Physics, the branch of science that deals with the nature and properties of matter and energy, spans a wide variety of fields, including astronomy, astrophysics, geophysics, weather and climate, biophysics, material science, and many more. Physics was probably the first branch of science to use computers in a significant way. Today, both computational and experimental physics of every type rely completely on computers and their ability to handle massive amounts of complex data.

HDF is the option of choice in many branches of physics because it offers so many different capabilities needed to manage physics data. It can effectively handle data of virtually any size, as exemplified by the trillion particle plasma physics simulation, which needed to store HDF5 files of 40 terabytes or more, and had to be able to sustainably write data at rates exceeding 50 gigabytes per second.

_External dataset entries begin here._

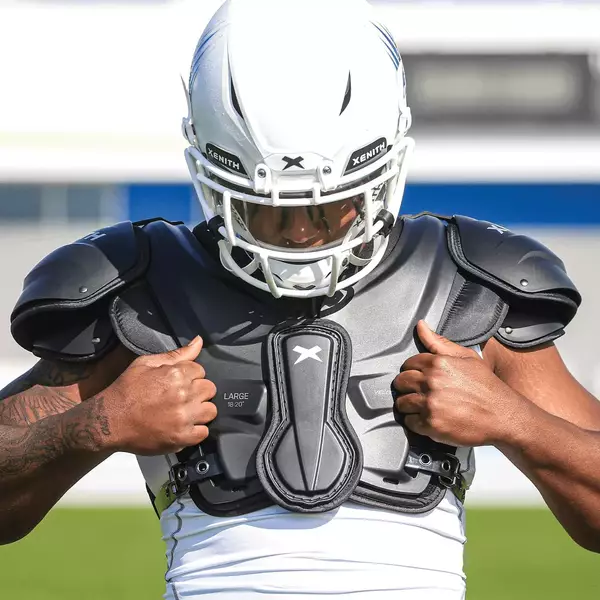 Close up of player wearing Xenith Velocity 2 football shoulder pads.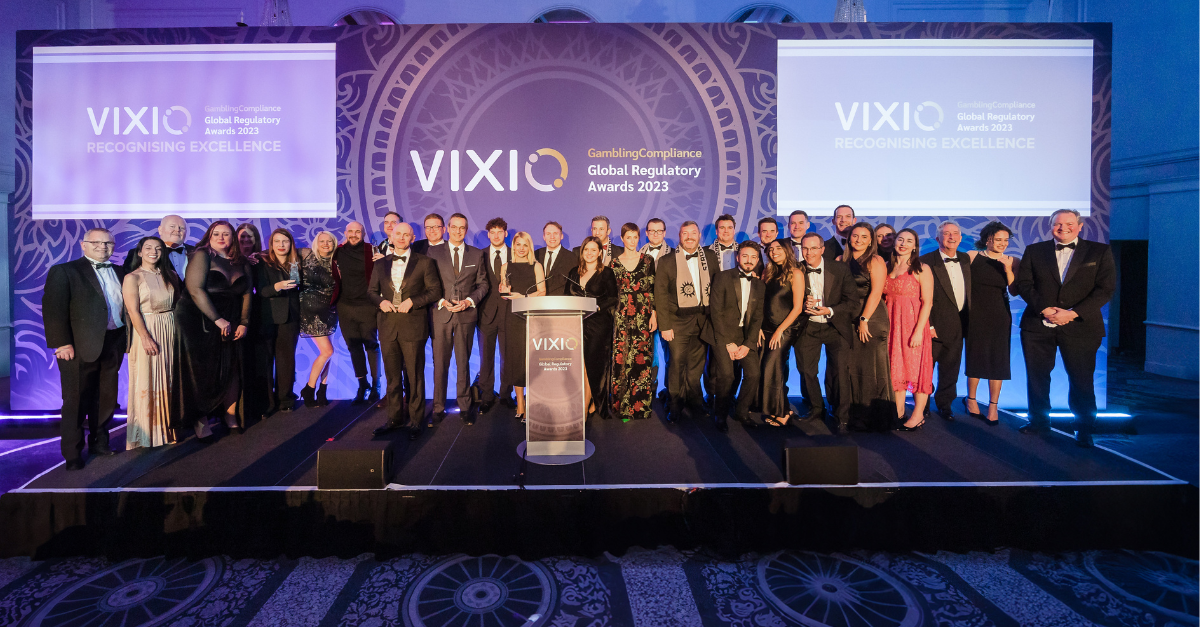 The winners of Vixio's 2023 compliance awards, Global Regulatory Awards, lined up on the purple-lit stage.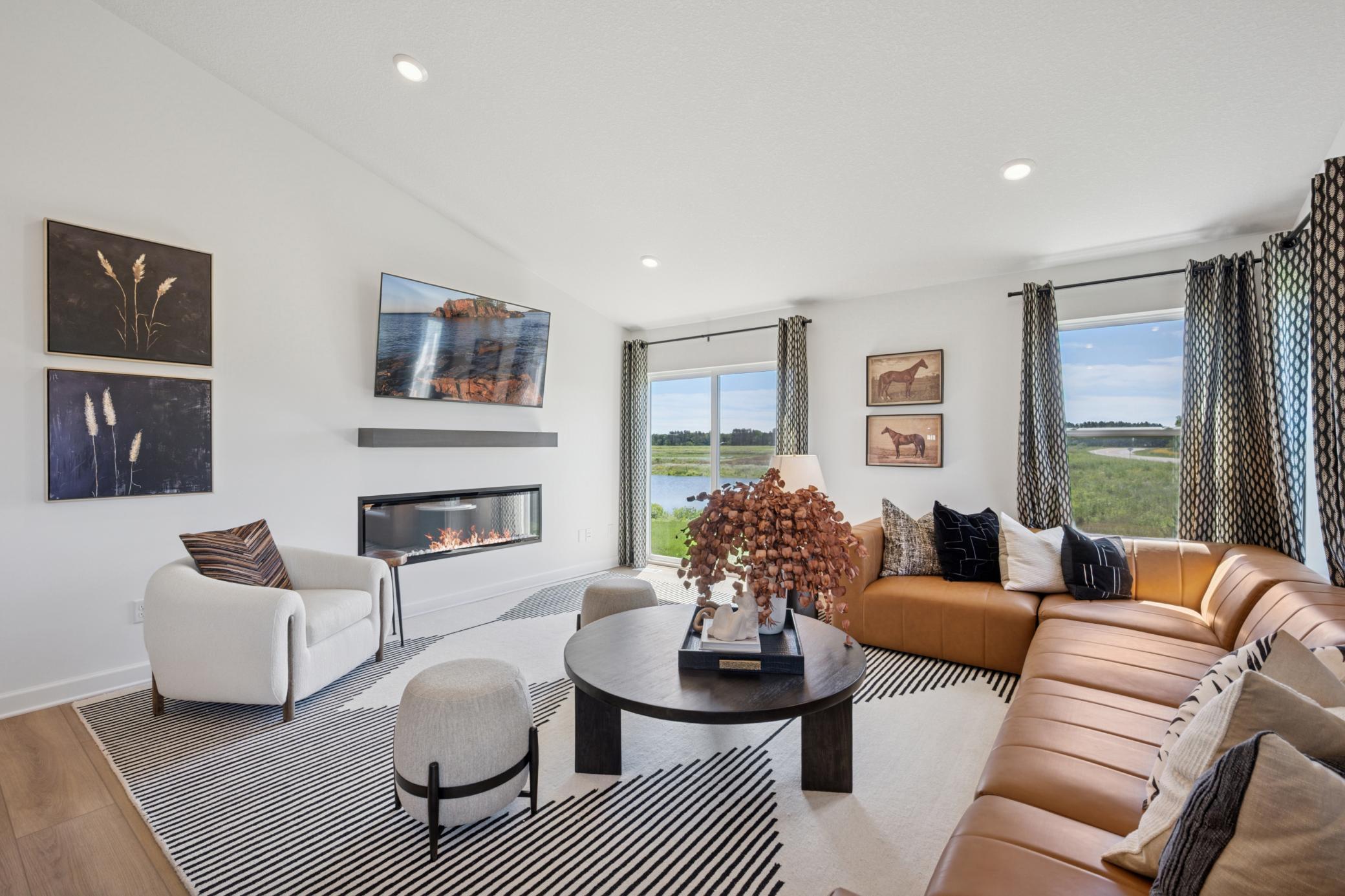 (Photo of a model home, finishes will vary) Open the adjacent glass-sliders to invite a refreshing breeze throughout the home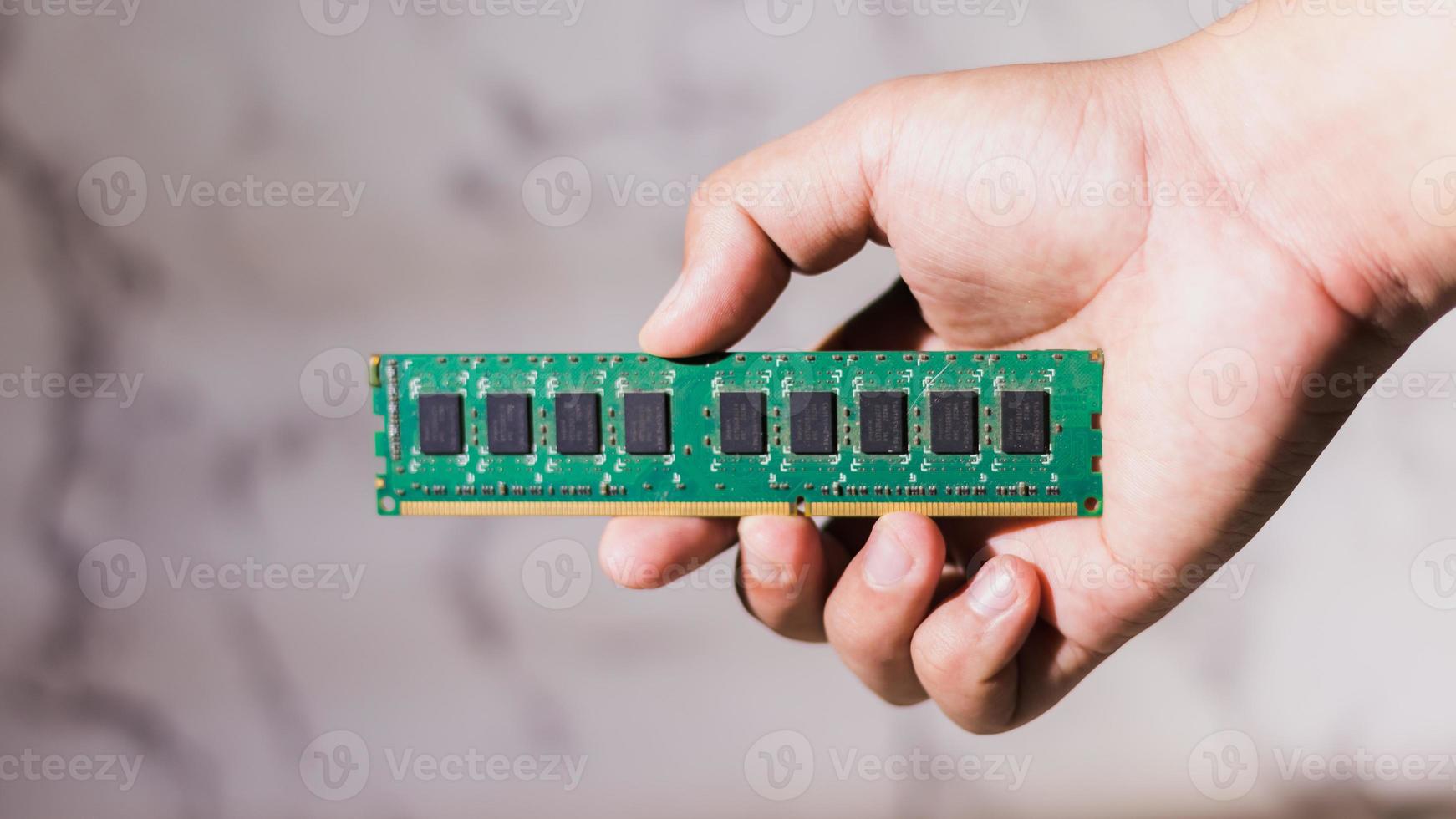 Close up male hand holding a ddr3 computer ram on abstack white background photo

Size and I/O speed are critical, but physics computations and experiments often require very complex datatypes as well. Livermore Labs’ Silo Library supports many physics applications at the lab, and includes the ability to describe, store, and efficiently access a veritable zoo of structures and datatypes. Silo supports grid lists (point) meshes, structured meshes, unstructured polyhedral meshes, AMR meshes, and many other structures. It includes datatypes such as tensors and vectors, and user-defined compound structures. It stores complex metadata such as coordinate systems, and makes heavy use of HDF5’s grouping structure to show relationships among all of these components.

Experimental and observational physics applications often have different needs in terms of volume, velocity, and complexity. Synchrotrons collect data from an array of distributed instruments at very high speeds, and need to provide immediate access to that data in a coherent way, so that scientists can steer their experiments in real time. HDF5 provides an innovative storage structure called virtual data sets that makes the distributed data sources appear as one coherent array. It provides middleware that makes it possible to view the data in real time, and it provides special data compression options that make it possible to keep up with the data rates of modern instruments. It is no surprise HDF5 has been the option of choice for much of the synchrotron community for more than 20 years.

Not everything that happens in experimental and computational physics is big and fast. A great deal of science happens on small laptops, working with tiny subsets of huge data sets, writing code in any of a number of languages, and using any of a wide variety of analysis and visualization tools. Again HDF5 answers the call by being portable across almost all operating systems; by providing language interfaces in C, FORTRAN, Java, Python, R, and others; and by being supported by many third-party packages, such as MATLAB, Mathematica, LabVIEW, and others.